Sprawled spread-eagle on her belly, Kira lay diagonally across the king-sized bed, looking as though she’d staggered in from a trek through the heart of the Sahara and barely made it to the bed before collapsing. Her head was nowhere near a pillow; one arm, meanwhile, dangled off the side, and her soft, even breathing was the kind of thrilling music he wasn’t sure he’d ever heard.
Max had assumed a post on the floor near her curled fingers and had his snout resting on his front paws. Looking up through drowsy eyes when Dexter crossed the threshold, he thumped his tail once or twice in greeting, yawned, and curled into what was evidently a more comfortable position.
This unexpected silence, after the night’s chaos, gave Dexter the chance to think a few thoughts he’d been postponing. Like how he didn’t know what the hell he thought he was doing with Kira Gregory, but he didn’t plan to stop doing it. Like how this house felt different—better—when she was in it. Like how Kareem’s death had unlocked a strange feeling of hope inside him, and it had nothing to do with his wishes for a drug-free Cincinnati and
everything to do with her.
Standing in the doorway, he discovered, was way too far away. It seemed dangerous to move any closer, but his body wasn’t counting his vote. He crept to the bed. At this distance, his fingers began to flex and itch, desperate for the feel of her skin. There were so many things he was hungry to know. The curled silk of her hair, for one, even if it was dirty with soot. The curve of her brow (the unsinged part, anyway), the smooth arch of her neck, the tenderness of her lips. Any of those were his for the touching right now. She wouldn’t wake up; he’d stake his life on it. Now was his moment, the one he almost felt he’d willed into existence—who would know?

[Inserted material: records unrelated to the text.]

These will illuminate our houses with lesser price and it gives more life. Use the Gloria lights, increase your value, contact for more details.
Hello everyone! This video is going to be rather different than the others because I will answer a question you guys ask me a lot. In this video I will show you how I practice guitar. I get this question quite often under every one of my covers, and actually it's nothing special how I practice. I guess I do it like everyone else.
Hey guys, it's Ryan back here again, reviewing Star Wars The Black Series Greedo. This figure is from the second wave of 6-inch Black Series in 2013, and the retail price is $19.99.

He would know. That was the problem.
If he touched her without her permission, he’d be no better than Kareem, the man who’d violated her. And if there was one thing that Kira absolutely, positively needed to know about him, it was this:
He wasn’t Kareem. Not even close.
So he wouldn’t touch her. Yet.
But shit, man. Shit. More than anything else, he wanted to touch her.

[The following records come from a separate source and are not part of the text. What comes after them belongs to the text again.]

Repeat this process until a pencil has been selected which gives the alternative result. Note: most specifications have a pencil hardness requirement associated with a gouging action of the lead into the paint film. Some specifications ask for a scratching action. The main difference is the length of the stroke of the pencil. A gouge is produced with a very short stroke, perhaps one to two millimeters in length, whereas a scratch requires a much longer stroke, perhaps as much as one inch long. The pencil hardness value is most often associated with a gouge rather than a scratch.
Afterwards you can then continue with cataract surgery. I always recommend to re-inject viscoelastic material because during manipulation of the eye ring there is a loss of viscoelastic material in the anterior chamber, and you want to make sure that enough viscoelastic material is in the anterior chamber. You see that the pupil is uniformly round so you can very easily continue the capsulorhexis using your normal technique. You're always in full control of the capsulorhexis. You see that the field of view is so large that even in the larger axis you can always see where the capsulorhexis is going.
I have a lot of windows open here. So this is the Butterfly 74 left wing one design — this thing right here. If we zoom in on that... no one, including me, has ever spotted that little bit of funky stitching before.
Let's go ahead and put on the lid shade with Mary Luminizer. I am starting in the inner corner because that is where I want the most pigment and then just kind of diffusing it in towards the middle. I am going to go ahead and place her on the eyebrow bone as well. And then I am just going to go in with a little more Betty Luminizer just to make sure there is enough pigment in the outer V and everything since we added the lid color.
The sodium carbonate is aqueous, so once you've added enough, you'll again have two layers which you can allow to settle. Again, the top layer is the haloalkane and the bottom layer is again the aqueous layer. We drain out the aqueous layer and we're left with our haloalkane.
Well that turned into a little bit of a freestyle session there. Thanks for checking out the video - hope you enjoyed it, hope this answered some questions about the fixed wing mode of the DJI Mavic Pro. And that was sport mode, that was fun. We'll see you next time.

In his life he’d seen some moving sights. The Grand Canyon when he was a kid came to mind, and so did the newborn face of his nephew, and the reunion he’d once witnessed between a neighbor girl down the street and her dad when he came home from the war.

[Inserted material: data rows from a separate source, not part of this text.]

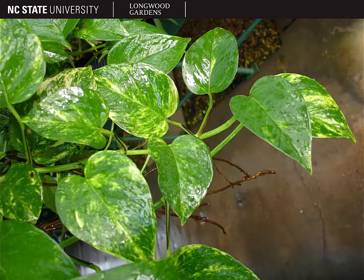The leaves of Epipremnum aureum are usually three to four inches long and they're distinctly heart-shaped with a cordate base. They are often variegated as shown here with a green and gold variegation.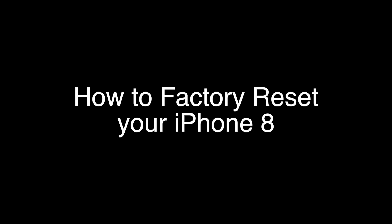Today we're going to show you how to factory reset your iPhone 8. This will also work for the iPhone 8 Plus as well.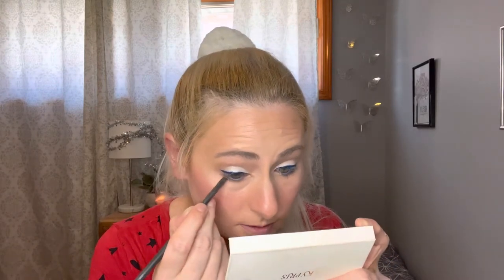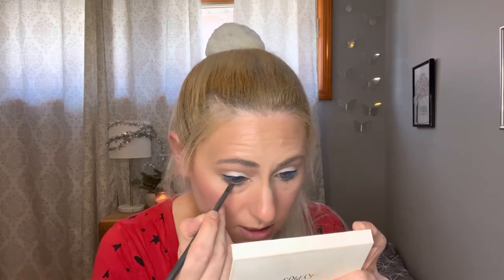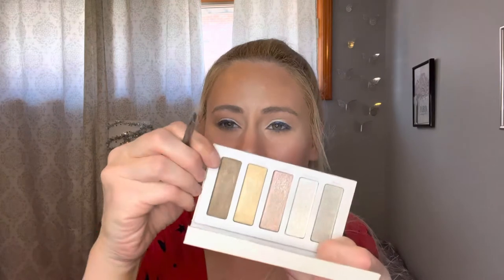I have a blue pencil liner and I'm going to put this in my waterline real quick. This is so old — I think it's about time to retire it; it was really hard to get on. I don't use the colored eyeliners that much. I'm going to go back in with my bronzer with an angled brush and kind of buff my lower lash line to add some definition and help blend out that blue a little bit. I'm also going to take a bronzy shimmer shade from the palette.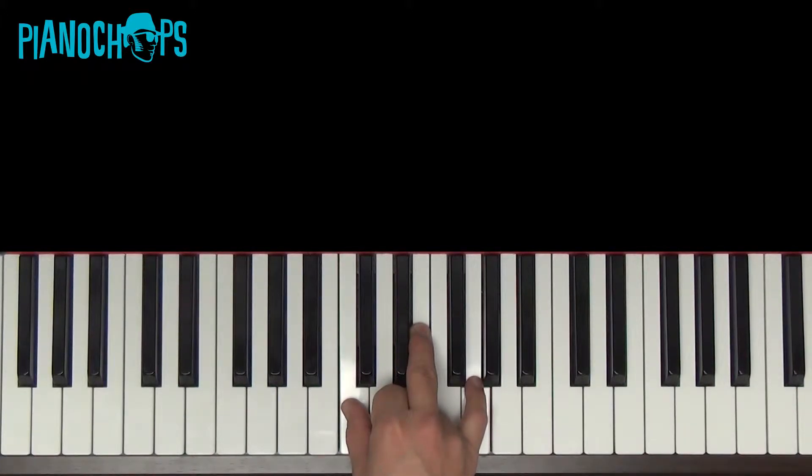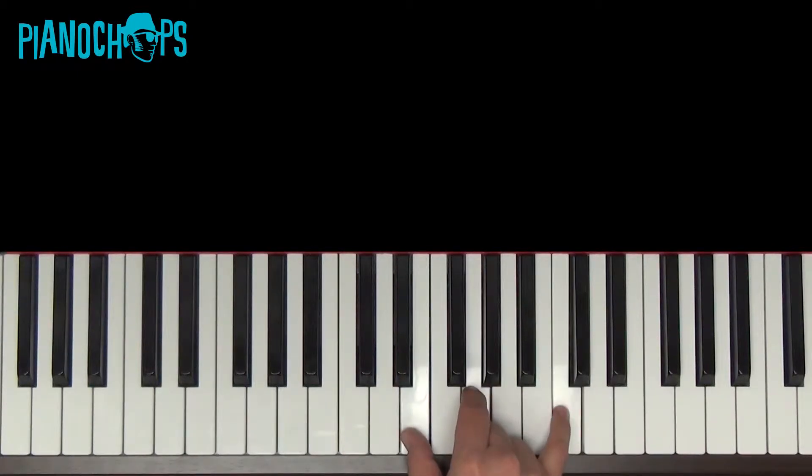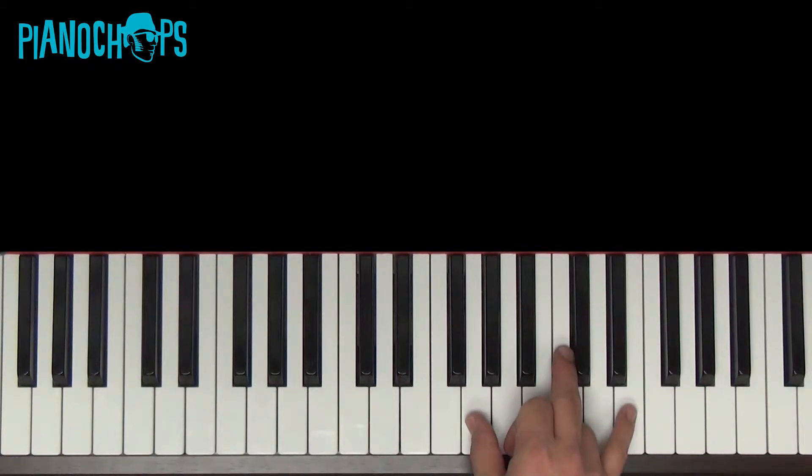Here's how you play it in the inversions. C, E, G. Move up to E, G, C. Or G, C, E.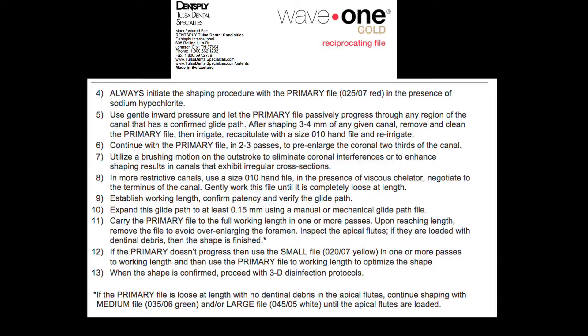We remove WaveOne Gold, observe the instrument, and clean the dentinal debris in the flutes of the instrument. We irrigate. You will see the needle go deeper and deeper. Then we take the instrument that established working length and ascertain that we have not blocked ourselves — it goes all the way to working length. Then we irrigate again and repeat the same process with WaveOne Gold until we reach working length.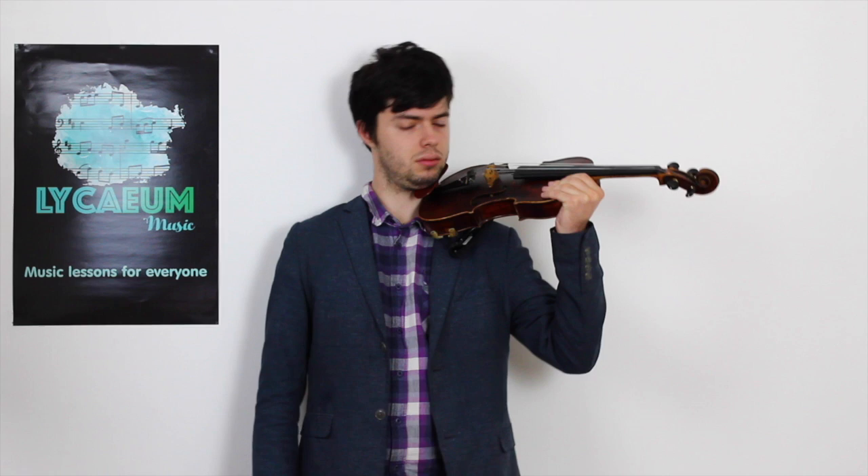Now all you have to do is make sure that your shoulders are nice and low, and that your neck is as relaxed as it could possibly be.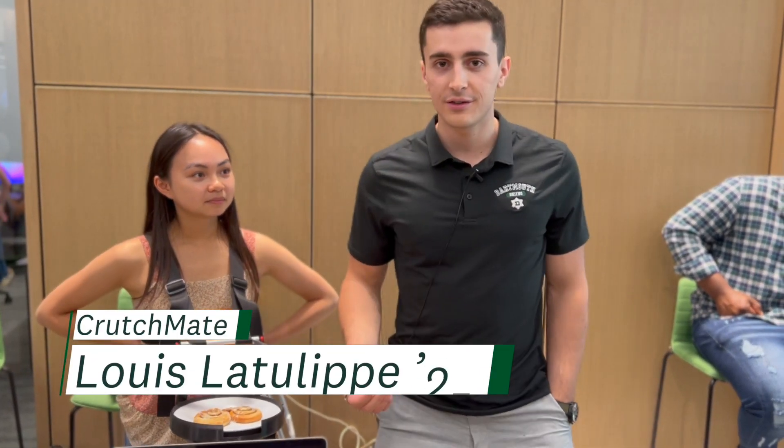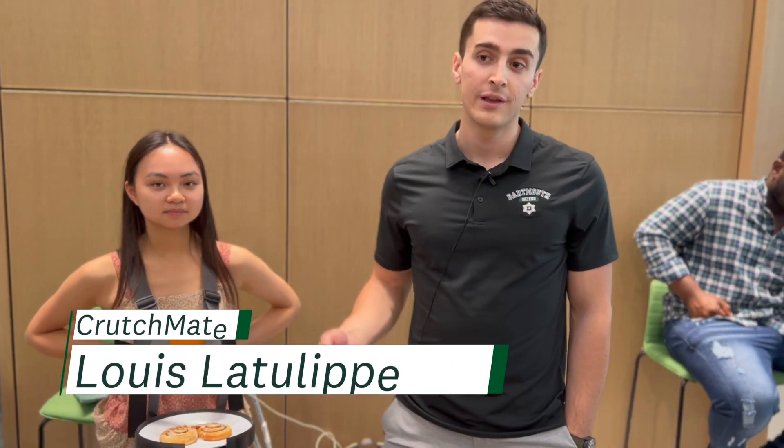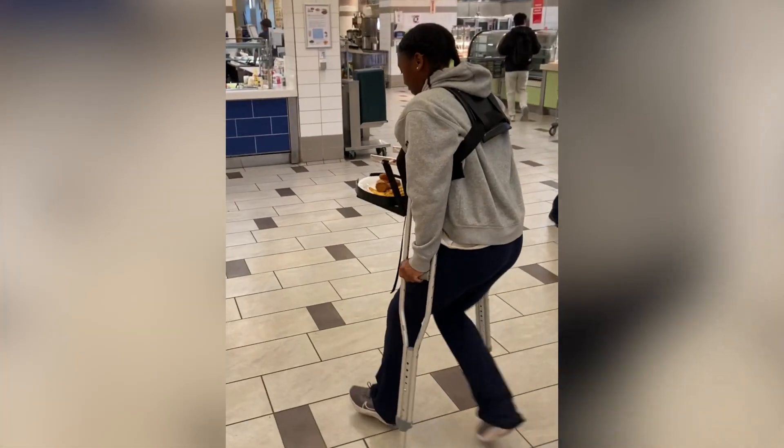In this project, we decided to tackle the problem of carrying food while on crutches at the dining hall. That's one of the big problems of being injured — you're so reliant on your friends when going to the dining hall. Having talked to a lot of individuals that have been on crutches in the past, we thought this would be a great idea.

None of that had prepared him for this.
If he lived another sixty years, he doubted anything would stir him quite as much as the sight of Kira, fully clothed and asleep on his bed.
Chapter 11
After drawing the bedroom shades to block out the sun’s blinding glare, covering Kira with a blanket, and leaving her a note saying that he’d gone to the office but would be back soon, Brady left.
He did not go to the office. At least not right away.
“Hey,” he said when Belinda opened the door of her condominium. “Sorry to just show up like this—”
“It’s okay.” She broke into a delighted and dimpled smile that made him feel like a two-inch layer of green pond scum. “Come on in.”